Lately I've gone back to basics with my sketching, working only in pencil. My goal is to focus on value, to practice with light and shadow. I feel that my drawings and paintings need a lot more contrast.



Now this surprised looking fellow above is not a study in value, but a quick note of the fresco of St. Theodore from the Chapel of St. Basil in Göreme. I wasn't allowed to take a photograph of his wonderful expression, so I stood among the circulating horde of tourists and did my best to capture it.



One of the subjects I tend to run away from drawing or painting is moving water. Here I've tried to get a sense of the crashing waves of the Atlantic, somewhere on the coast of Portugal. It's not that great, but I like the waves in the lower right side. I'm forever telling my students to face their challenges and work through them, and it's time I took my own advice.

Must keep practicing!

more sketches of anatolia



From the giant heads of Mount Nemrut, to the Mesopotamian plains of Mardin.

Monday, February 2, 2015

becoming strangers



It was as though the wind had lost its patience with us, and from its dusty mouth a hot moan crept through the streets, turning the sky from white to a sickly orange.

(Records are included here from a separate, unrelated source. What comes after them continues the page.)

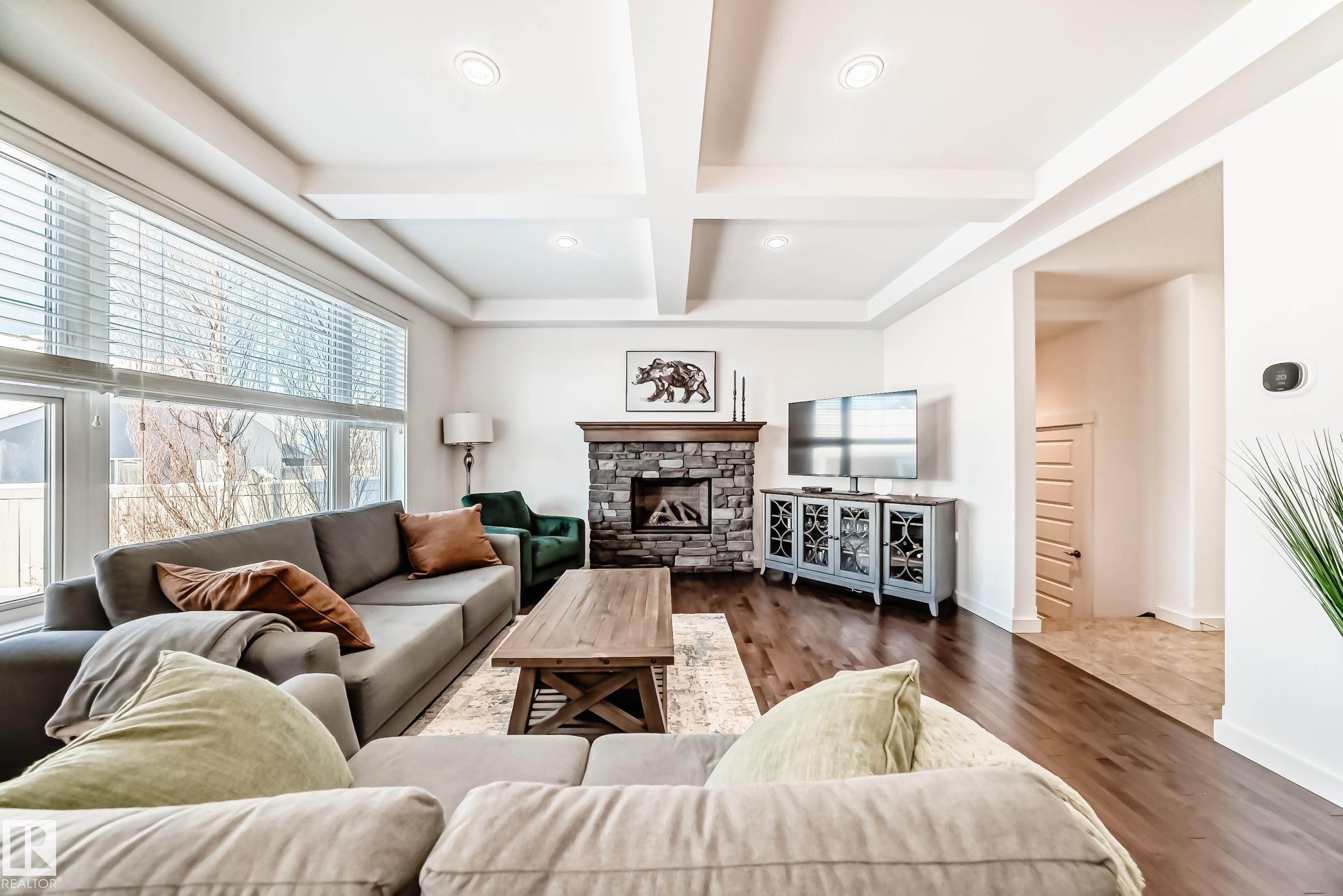 Photo 7 at 5230 Admiral Walter Hose Street NW, Griesbach, Edmonton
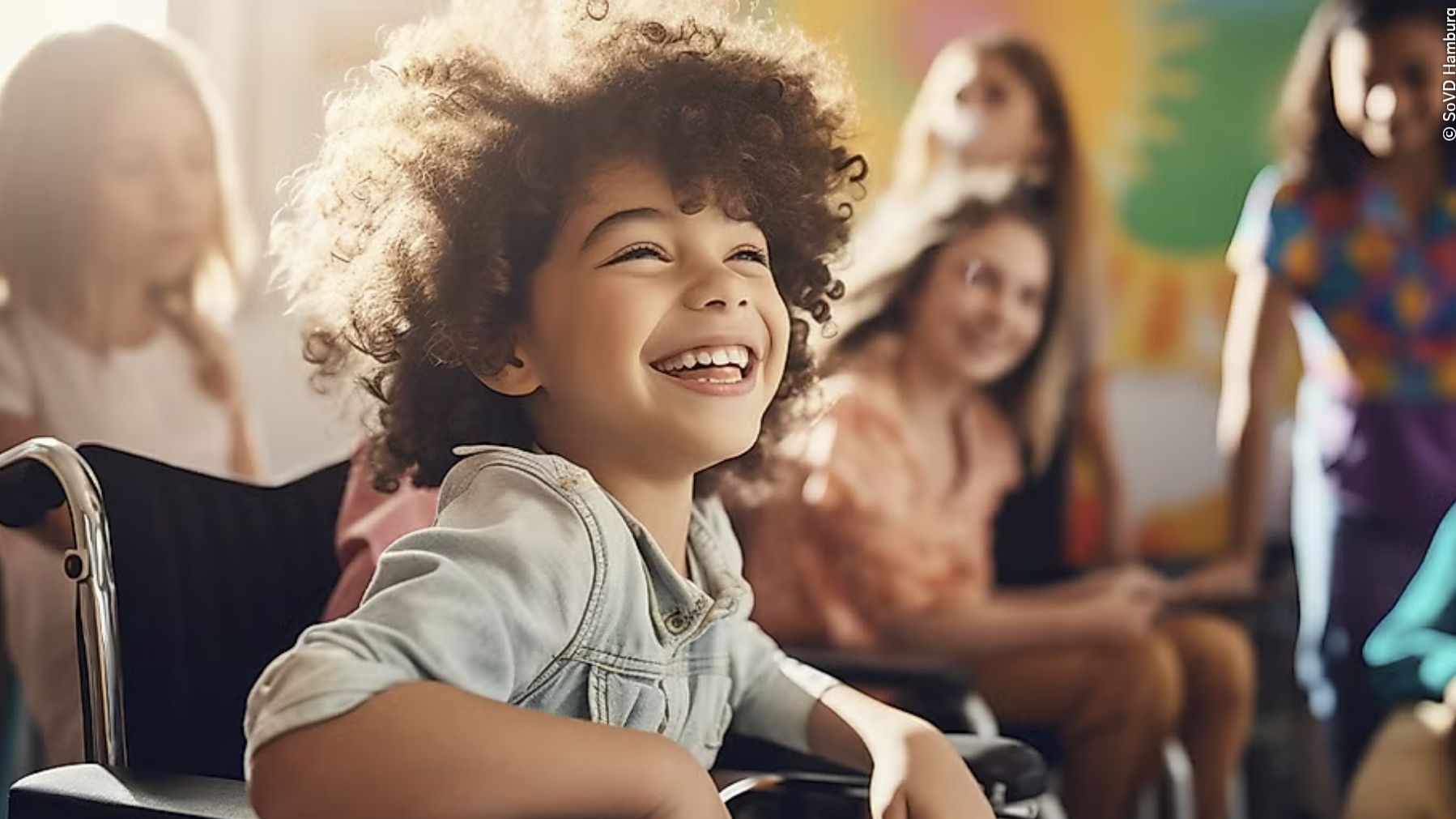 Lächelnde Schulkinder strahlen in die Kamera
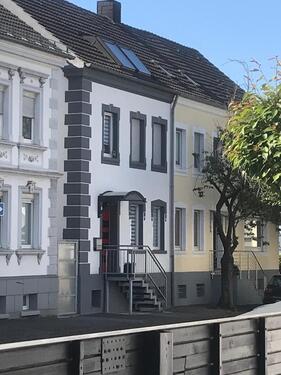 Foto - Voll vermietetes Dreifamilienhaus- lukrative Kapitalanlage .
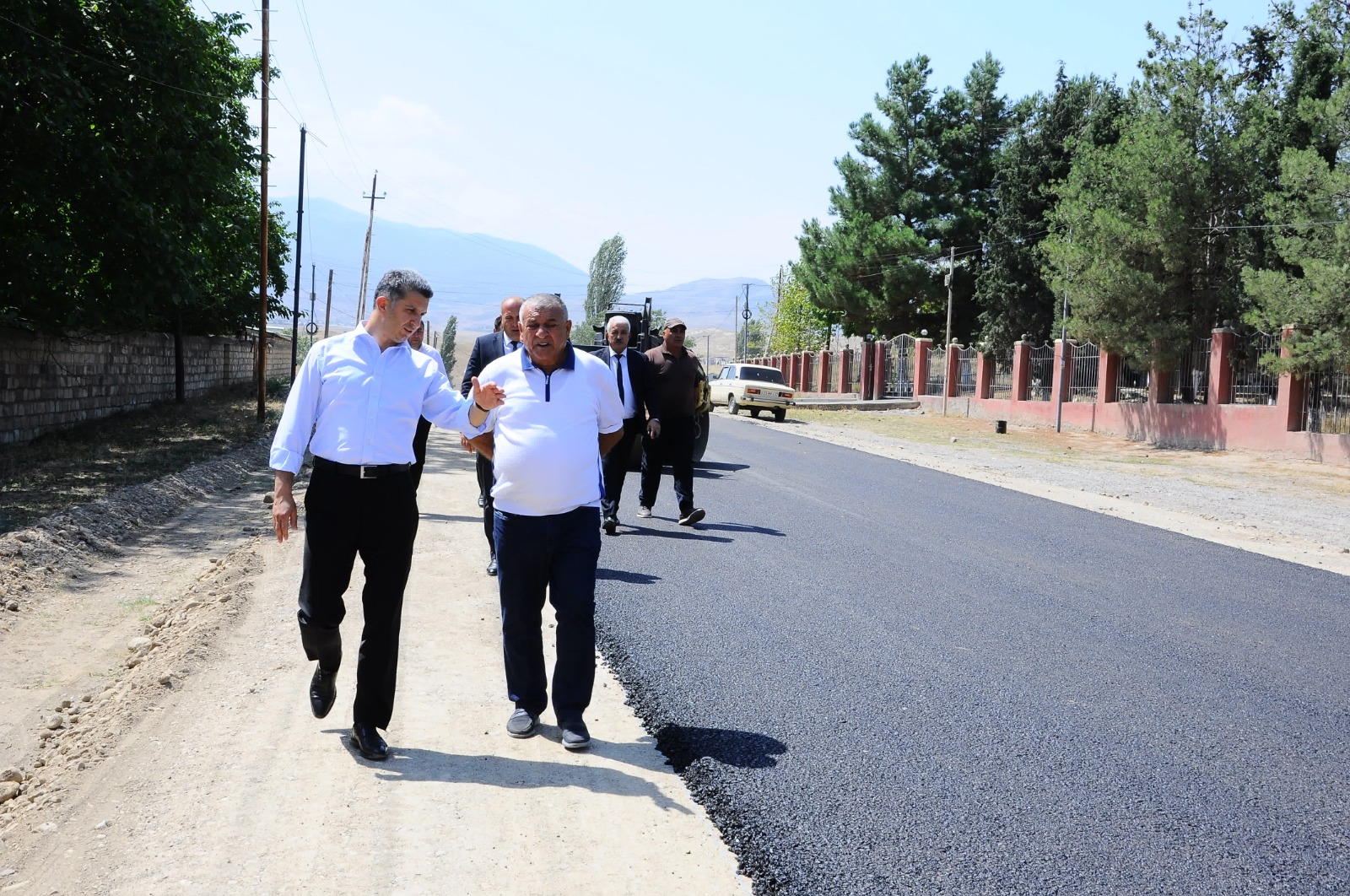 İcra başçısı asfaltlanma işləri ilə tanış oldu - FOTOLAR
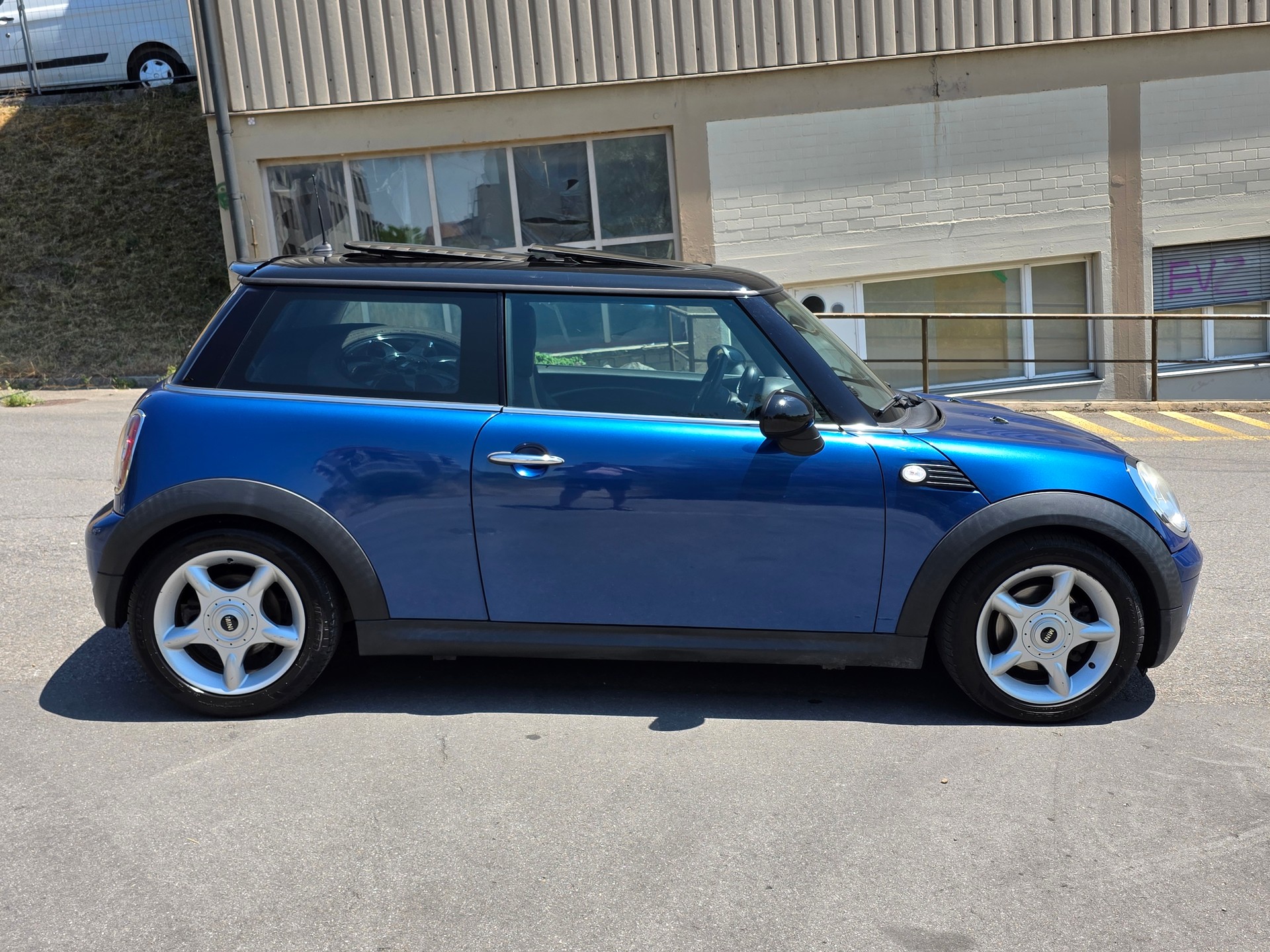 MINI COOPER-image-5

I bought a string of chilies so sharp and fragrant— their red was on fire in the strange light that washed Istiklal yellow, and in that yellow, I suddenly noticed how the kemençe player's hair had turned from brown to white.



I realised I had become strangers with the city I once loved.

Sunday, February 1, 2015

thirty-six

night fell on avanos


the monk's valley



Like pious monks in peaked caps, rushing off to vespers.

the rose valley



Even though at times it felt like we were hiking on another planet without a soul in sight, it was inevitable that we would run into someone selling çay— after all, even the volcanoes in Turkey have a çaycı. This man had something even better: fresh pressed pomegranate juice, and a cave church.



The Haçlı Kilise is home to some fine 9th Century frescoes and a large cross carved into its stone ceiling. Unfortunately, like many of the early Christian frescoes across Turkey, the faces within reach have been scratched out, though you can still make out some sideways glances and stern expressions.



Actually, this was one of the better preserved churches outside of the Göreme Open Air Museum, and the artists' choice to use a malachite green for parts of the background made it quite special.



On our loop back to where we left our car, an unassuming pointed rock with a rickety wooden foot bridge promised something interesting inside. There was a green mashallah in Arabic script with simple botanical patterns decorating the pigeons' entrances to the cave.



Carved straight out of the rock itself, the Kolonlu Kilise is truly impressive. That high vaulted ceiling supported by all those columns... I am still at a loss for words.



Here I felt I had been swallowed by a whale, its ribs expanding and contracting above my head:

the red valley

secrets hidden in caves



The Göreme Open Air Museum has some of the loveliest cave churches in Cappadocia; two of the most famous being the Elmalı Kilise, or Apple Church (pictured above), and the Karanlık Kilise, the Dark Church (below). The vivid frescoes of the Apple Church date back to the 11th and 12th Centuries, and the intense, highly detailed scenes depicted in the Dark Church were painted during the end of the 12th Century. Imagine a small gathering of people in these spaces, worshiping under the stern gazes of saints illuminated by candlelight— imagine the artists and the architects carving arches and columns out of stone, painting in the little light that a cave allows.



Waves of tourists from all corners of the globe look up at those same saints, now bathed in electric light.